Captioned web image data
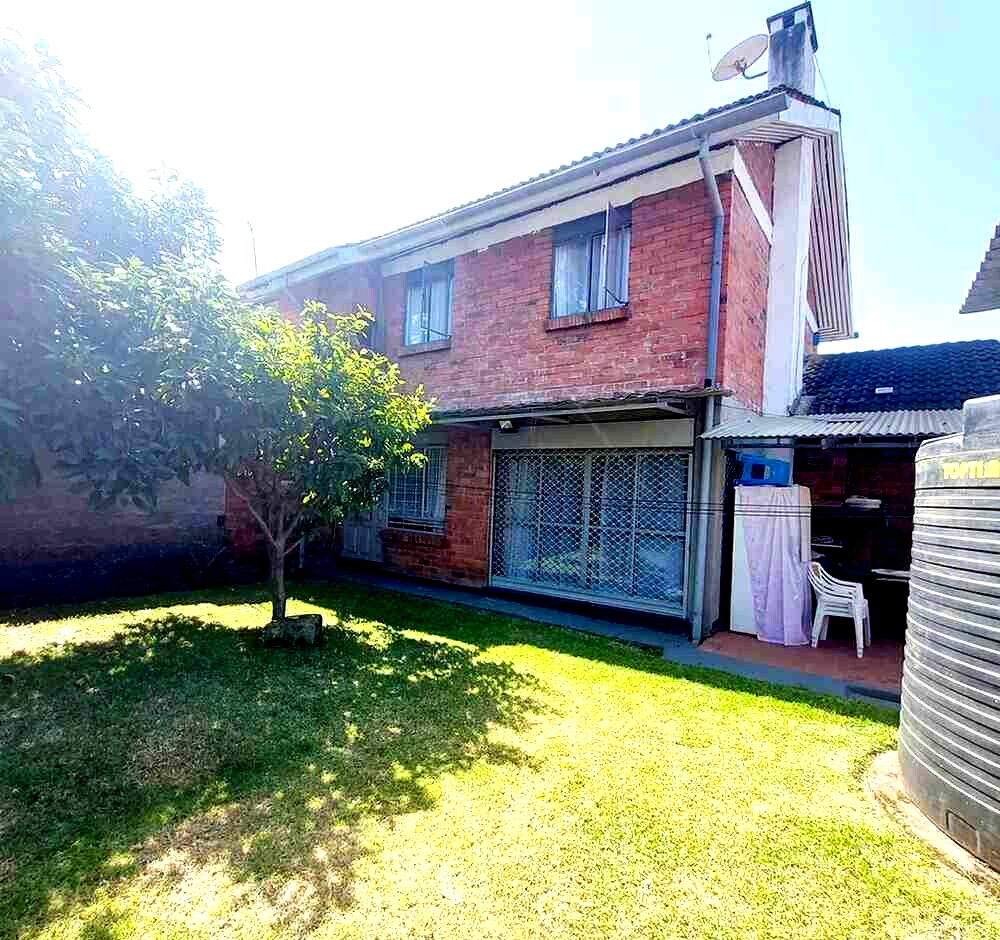 4BR Townhouse with 2 Guest Studios & Fireplace - Kileleshwa
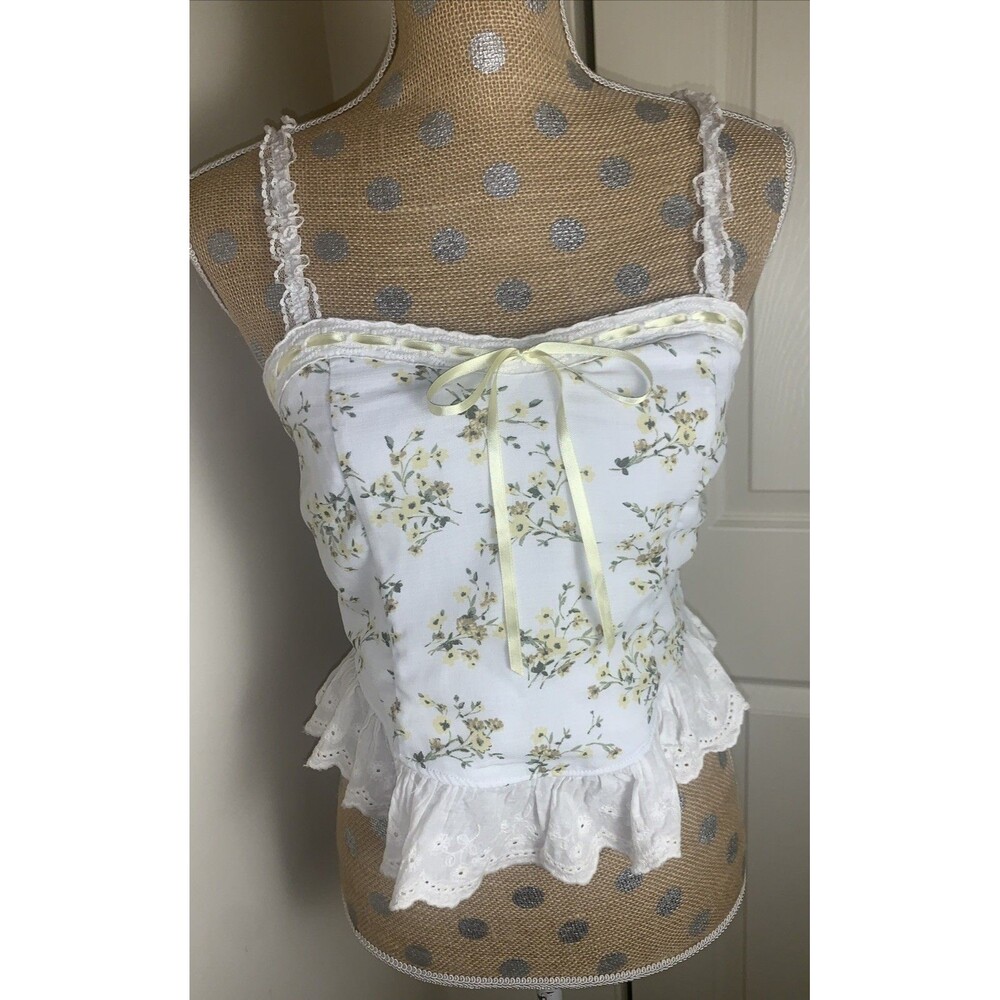 Thirty Thirty LA Floral Eyelet Lace Coquette Cami Top Ribbon Bow Cottage Medium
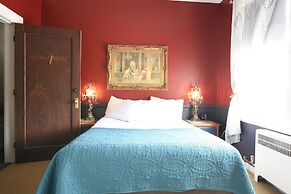 The Old Courthouse Inn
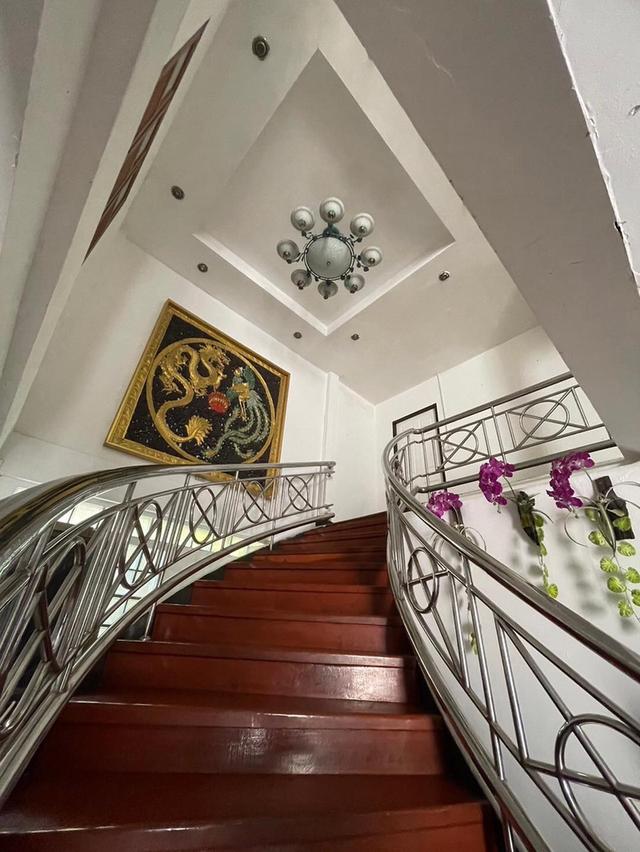 Boutique Hotel business for sale with Chanote Title  in the very beautiful city of Chiang Mai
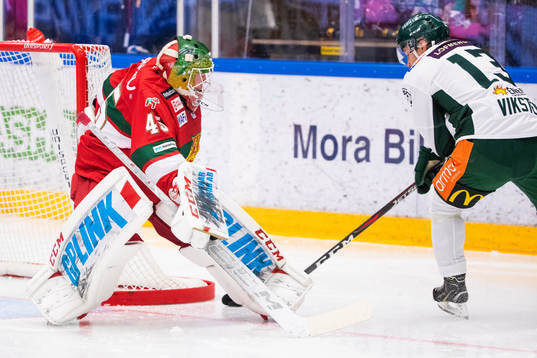 Färjestads Daniel Viksten och Moras målvakt Isak Wallin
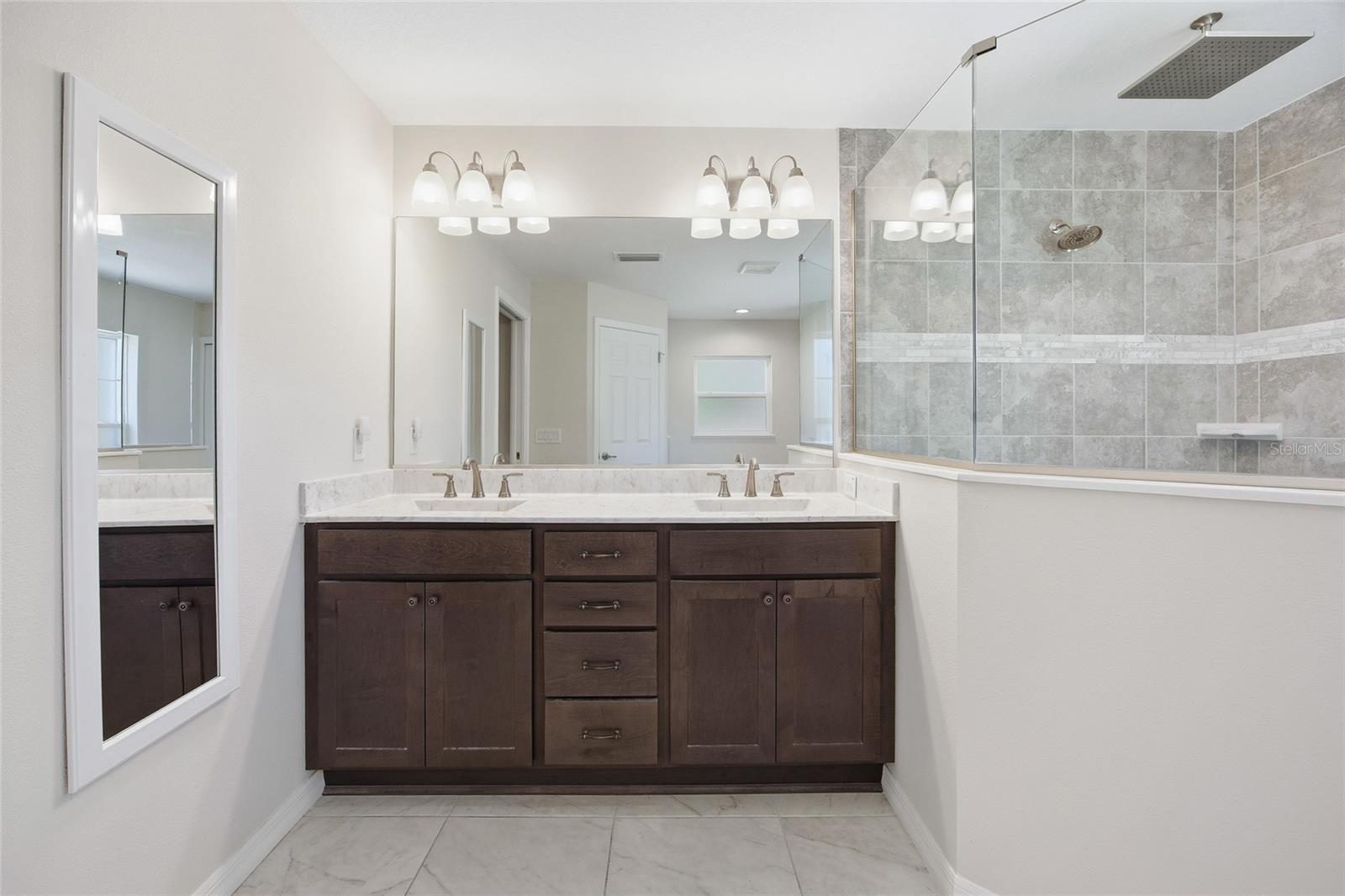 Image 7 of 60 For 14377 141st Avenue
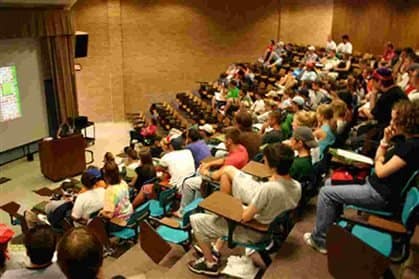 foitites Συρρίκνωση της δημόσιας Τριτοβάθμιας Εκπαίδευσης φέρνει η μεταρρύθμιση Γαβρόγλου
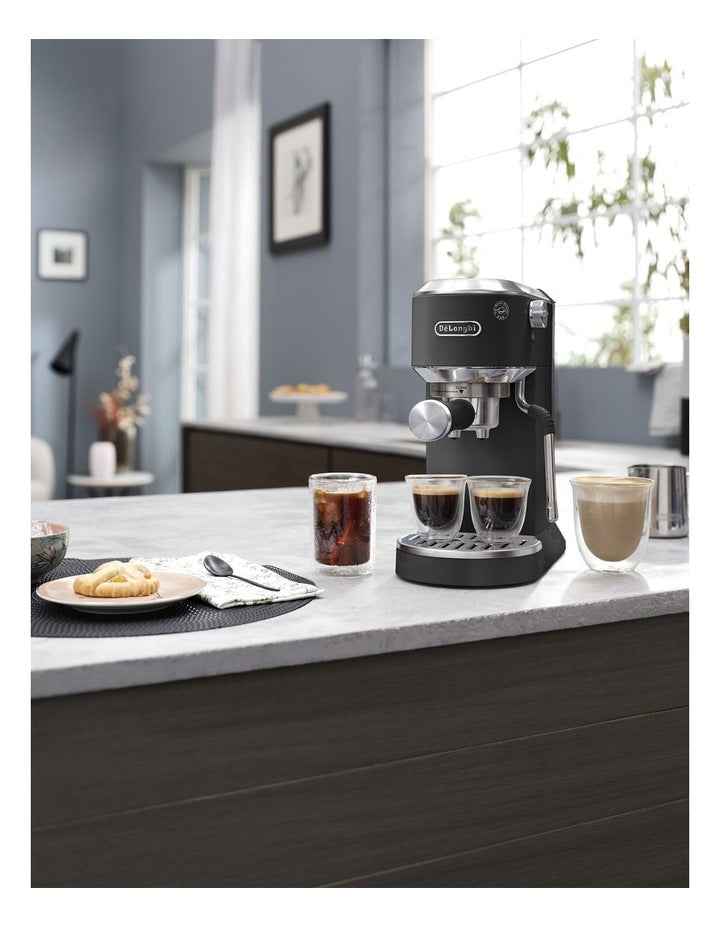 Dedica Duo With Cold Brew Manual Coffee Machine EC890BK in Black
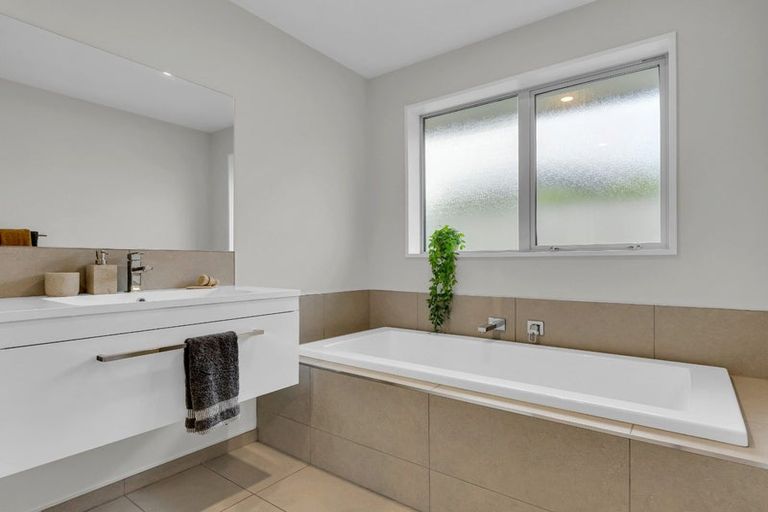 Photo of property in 9 Ronaldson Lane, Wigram, Christchurch, 8042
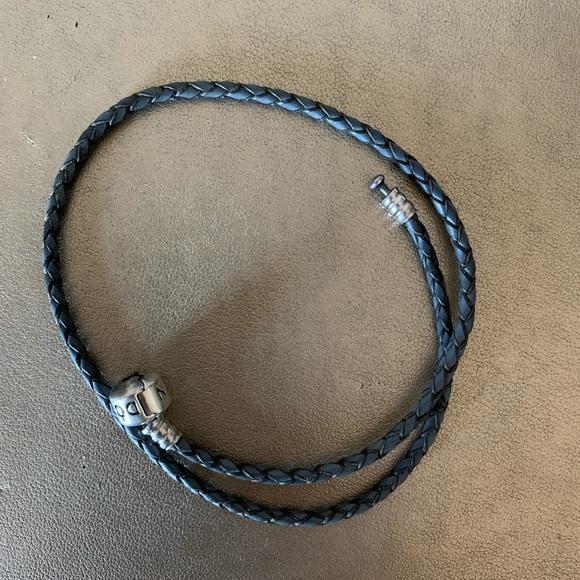 Pandora bracelet - Picture 2 of 2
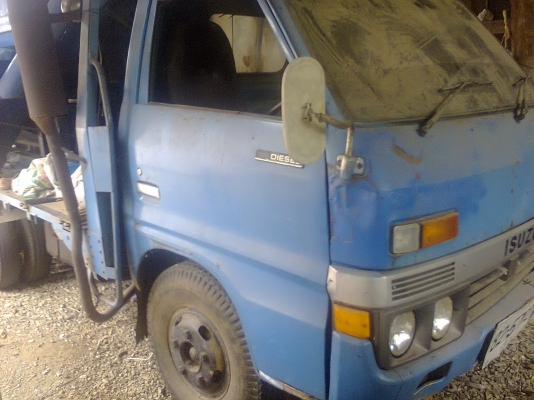 -ขายอิซูชุ 6ล้อเล็ก85แรง พร้อมหัวสีข้าว เกษตพัฒนา5ฟุต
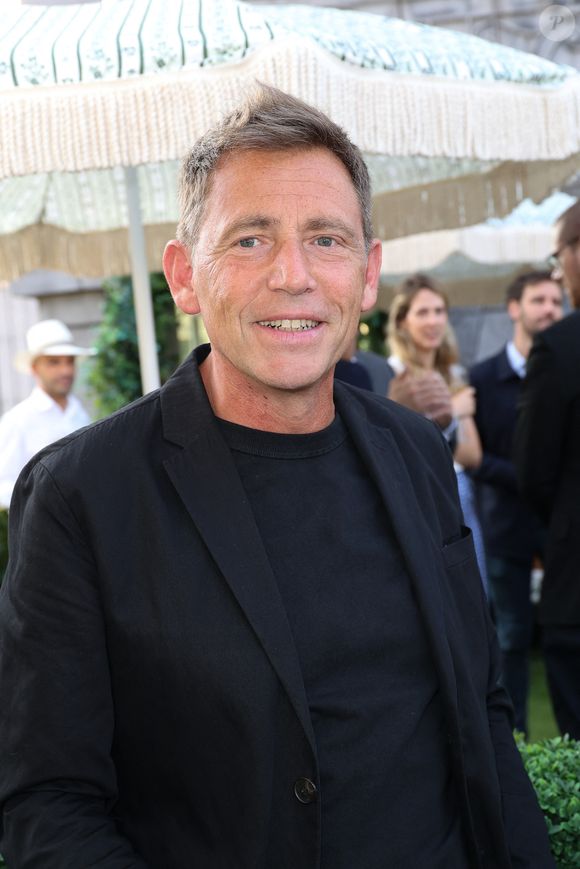 Ce département, où résident de nombreuses célébrités, est le deuxième plus riche de France.

Exclusif - Daniel Riolo - Inauguration du Rooftop "Le Marta - Jardin suspendu" au sommet de l'hôtel Barrière Fouquet's à Paris le 26 juin 2024.  © Coadic Guirec / Bestimage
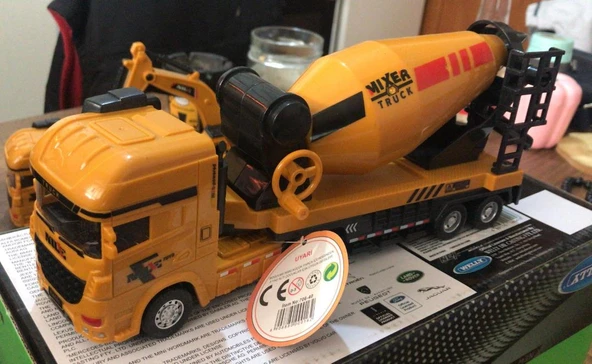 Oyuncak Koleksiyon İş makinaları Mikser Kamyonu Beton Dökücü 25 cm - 3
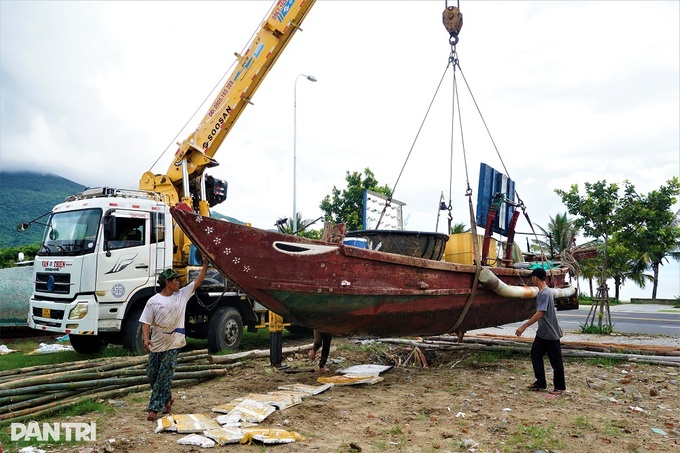 Thuê xe cẩu đưa tàu thuyền lên bờ tránh cơn bão mạnh Noru - 4 Thuê xe cẩu đưa tàu thuyền lên bờ tránh cơn bão mạnh Noru - 4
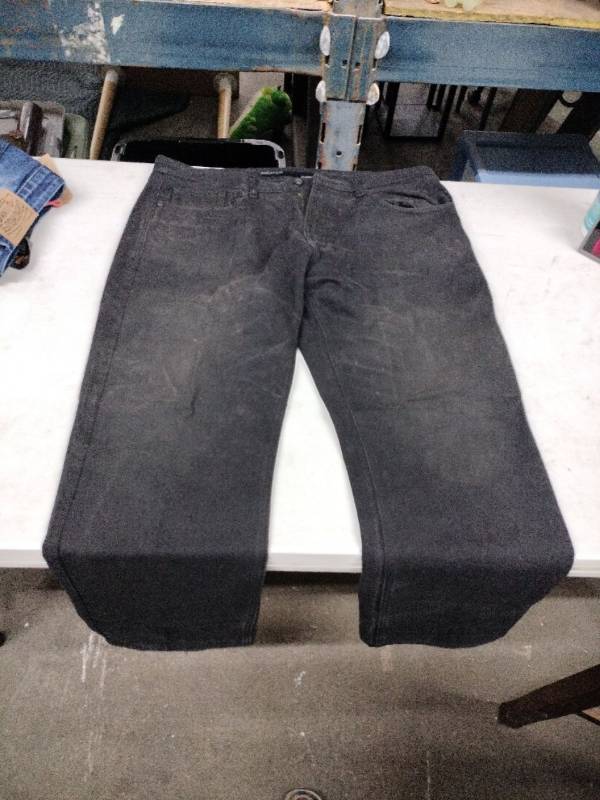 lot 62310 image: Rocawear Classic Fit Black Jeans W38
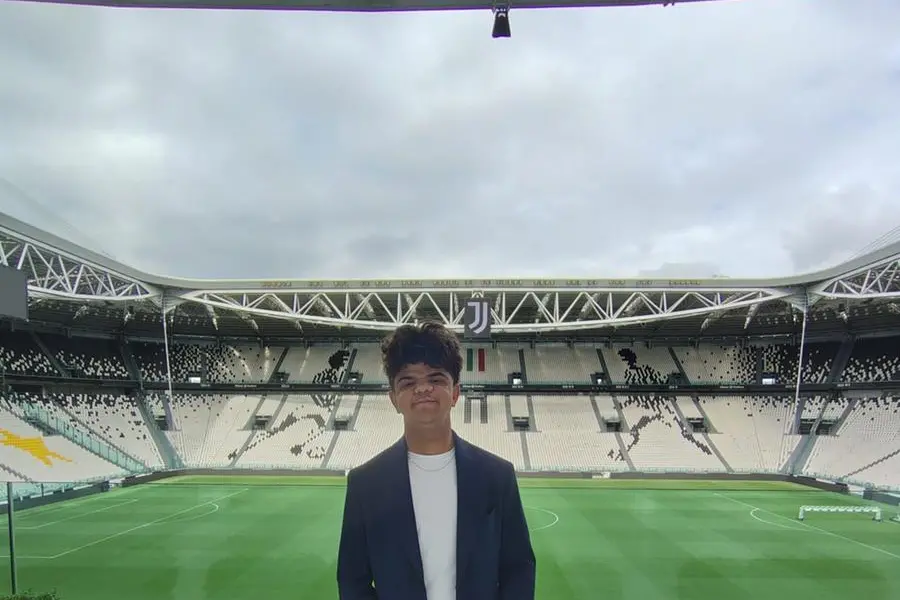 Pietro Vanni all\\'Allianz Stadium, il campo di Torino dove gioca la Juventus, squadra di cui \\u00E8 un grande tifoso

#### [Work required]
Take the line that contains "foitites Συρρίκνωση της" and every line after it up to the end of the records above, and restate them exactly, without the pictures.

#### [Answer area]
 foitites Συρρίκνωση της δημόσιας Τριτοβάθμιας Εκπαίδευσης φέρνει η μεταρρύθμιση Γαβρόγλου
 Dedica Duo With Cold Brew Manual Coffee Machine EC890BK in Black
 Photo of property in 9 Ronaldson Lane, Wigram, Christchurch, 8042
 Pandora bracelet - Picture 2 of 2
 -ขายอิซูชุ 6ล้อเล็ก85แรง พร้อมหัวสีข้าว เกษตพัฒนา5ฟุต
 Ce département, où résident de nombreuses célébrités, est le deuxième plus riche de France.

Exclusif - Daniel Riolo - Inauguration du Rooftop "Le Marta - Jardin suspendu" au sommet de l'hôtel Barrière Fouquet's à Paris le 26 juin 2024.  © Coadic Guirec / Bestimage
 Oyuncak Koleksiyon İş makinaları Mikser Kamyonu Beton Dökücü 25 cm - 3
 Thuê xe cẩu đưa tàu thuyền lên bờ tránh cơn bão mạnh Noru - 4 Thuê xe cẩu đưa tàu thuyền lên bờ tránh cơn bão mạnh Noru - 4
 lot 62310 image: Rocawear Classic Fit Black Jeans W38
 Pietro Vanni all\\'Allianz Stadium, il campo di Torino dove gioca la Juventus, squadra di cui \\u00E8 un grande tifoso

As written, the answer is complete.